Man and the Natural World Quotes Page 1
How we cite our quotes:
Still New Bedford is a queer place. Had it not been for us whalemen, that tract of land would this day perhaps have been in as howling condition as the coast of Labrador. As it is, parts of her back country are enough to frighten one, they look so bony. The town itself is perhaps the dearest place to live in, in all New England. It is a land of oil, true enough; but not like Canaan; a land, also, of corn and wine. The streets do not run with milk; nor in the spring-time do they pave them with fresh eggs. Yet, in spite of this, nowhere in all America will you find more patrician-like houses; parks and gardens more opulent, than in New Bedford. Whence came they? how planted upon this once scraggy scoria of a country?
Go and gaze upon the iron emblematical harpoons round yonder lofty mansion, and your question will be answered. Yes; all these brave houses and flowery gardens came from the Atlantic, Pacific, and Indian oceans. One and all, they were harpooned and dragged up hither from the bottom of the sea. (6.5-6)

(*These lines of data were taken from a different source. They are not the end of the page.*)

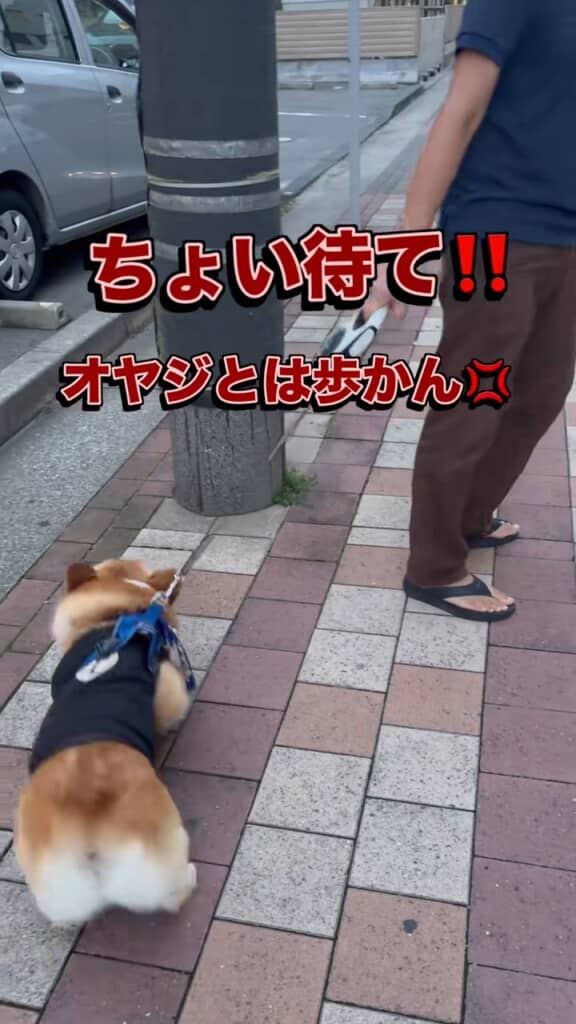 お母さんじゃなきゃヤダーッ！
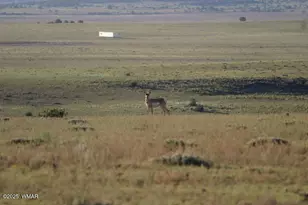 Tbd 107-28-055A, Concho, AZ 85924 - Photo 1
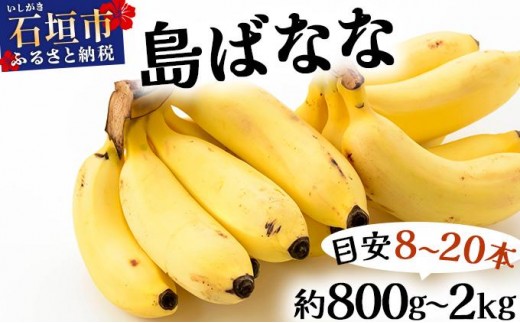 石垣島産 プレミアム島ばなな [選べる容量][2025年発送][2026年発送 先行予約]1房丸ごとお届け!! 800g〜2kg(約8〜20本)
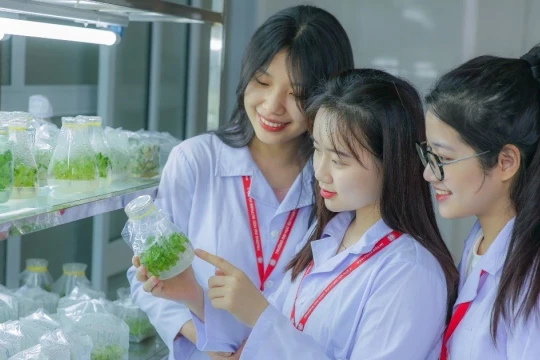 Nghị quyết 57 và hệ sinh thái đổi mới sáng tạo: Liên kết '3 nhà' kiến tạo - tự chủ - đầu tư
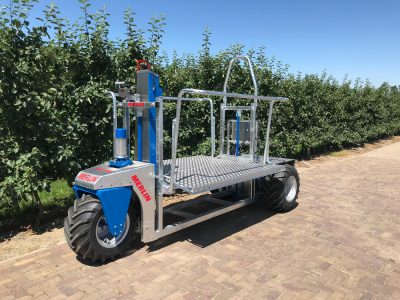 5-Merlin-(2)-Fruitteelt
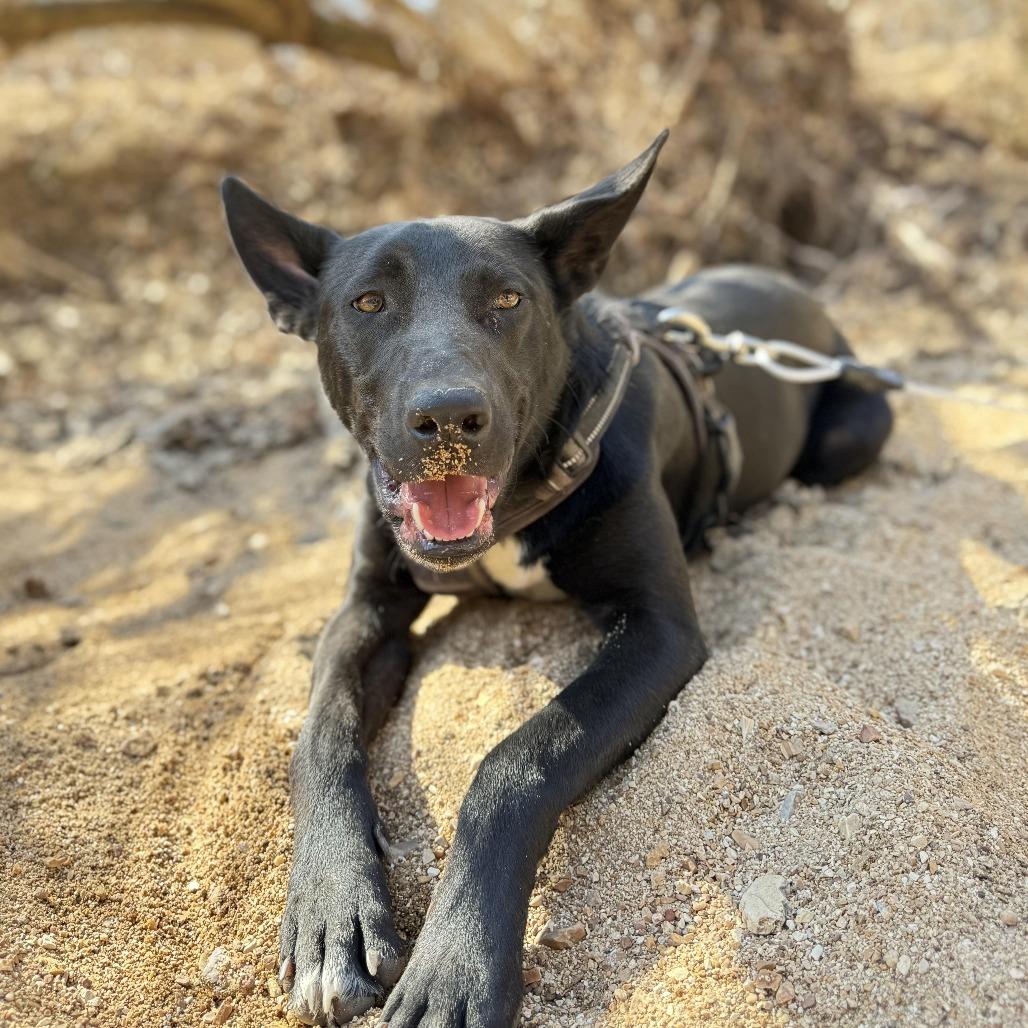 Enlarge Niko, a Adoptable Shepherd in Memphis, TN image 4/4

Moby-Dick is all about the way that men redistribute the riches of the natural world to suit themselves. In order to make the barren landscape of New Bedford habitable and comfortable, whalemen go out and slaughter the giants of the sea. It’s important to notice that the whalemen, and men in general, aren’t able to create new wealth out of nothing. All they can do is take nature’s bounty from one place and harvest it in order to transform life somewhere else.
Starbuck was no crusader after perils; in him courage was not a sentiment; but a thing simply useful to him, and always at hand upon all mortally practical occasions. Besides, he thought, perhaps, that in this business of whaling, courage was one of the great staple outfits of the ship, like her beef and her bread, and not to be foolishly wasted. Wherefore he had no fancy for lowering for whales after sun-down; nor for persisting in fighting a fish that too much persisted in fighting him. For, thought Starbuck, I am here in this critical ocean to kill whales for my living, and not to be killed by them for theirs; and that hundreds of men had been so killed Starbuck well knew. (26.3)
Melville shows us a variety of ways that men situate themselves in relation to the natural world by describing the way that each of the mates on the Pequod thinks about whaling. Starbuck, the first mate and moral touchstone of the crew, considers whaling something that you do in order to make a living. He’s brave when he needs to be to get his work done, but he doesn’t cherish any special vendetta against the whales. He doesn’t take pleasure in killing, but he also doesn’t make any fuss about killing when he needs to. Whaling is "just a job" for Starbuck. "Moderate" is the word we’re looking for here to describe his attitude.
Good-humored, easy, and careless, he [Stubb] presided over his whale-boat as if the most deadly encounter were but a dinner, and his crew all invited guests. He was as particular about the comfortable arrangement of his part of the boat, as an old stage-driver is about the snugness of his box. When close to the whale, in the very death-lock of the fight, he handled his unpitying lance coolly and off-handedly, as a whistling tinker his hammer. He would hum over his old rigadig tunes while flank and flank with the most exasperated monster. Long usage had, for this Stubb, converted the jaws of death into an easy chair. (27.1)
Unlike Starbuck, who sees whaling as just a job to get done, Stubb responds to the dangers of whaling by behaving with a bizarre level of calm and self-assurance at all times. Even when it looks like he might die at any moment – especially then! – Stubb is humming little tunes and chilling out, as if he were slouched on the couch hanging out at home. This is partly because he’s used to the dangers that the natural world presents, but it’s also because he has to act brave to cover up his deep fears. (We’re not imagining that – he admits it later to Starbuck.)